All computation happens in the argument passing.
All results must be passed onto function calls.
The tail call is the last call, and occurs at termination.
To simply put it, no computation must happen on the return value of your function .
Take for example the computation of a power of 10, which is trivial and can be written by a loop.
Should look something like
template<typename T> T pow10(T const p, T const res =1)
{
return p ? res: pow10(--p,10*res);
}
This gives an execution, e.g 4:
ret,p,res
-,4,1
-,3,10
-,2,100
-,1,1000
-,0,10000
10000,-,-
It is clear that the compiler just has to copy values without changing the stack pointer and when the tail call happens just to return the result.
Tail recursion is very important because it can provide ready made compile time evaluations, e.g. The above can be made to be.
template<int N,int R=1> struct powc10
{
int operator()() const
{
return powc10<N-1, 10*R>()();
}
};
template<int R> struct powc10<0,R>
{
int operator()() const
{
return R;
}
};
this can be used as powc10<10>()() to compute the 10th power at compile time.
Most compilers have a limit of nested calls so the tail call trick helps.

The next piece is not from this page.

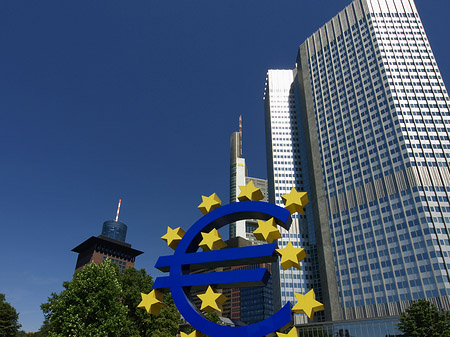 Foto Eurozeichen mit Eurotower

Evidently,there are no meta programming loops, so have to use recursion.
Tail recursion does not exist really at compiler level in C++.
Although you can write programs that use tail recursion, you do not get the inherit benefits of tail recursion implemented by supporting compilers/interpreters/languages. For instance Scheme supports a tail recursion optimization so that it basically will change recursion into iteration. This makes it faster and invulnerable to stack overflows. C++ does not have such a thing. (least not any compiler I've seen)
Apparently tail recursion optimizations exist in both MSVC++ and GCC. See this question for details.
Wikipedia has a decent article on tail recursion. Basically, tail recursion is better than regular recursion because it's trivial to optimize it into an iterative loop, and iterative loops are generally more efficient than recursive function calls. This is particularly important in functional languages where you don't have loops.
For C++, it's still good if you can write your recursive loops with tail recursion since they can be better optimized, but in such cases, you can generally just do it iteratively in the first place, so the gain is not as great as it would be in a functional language.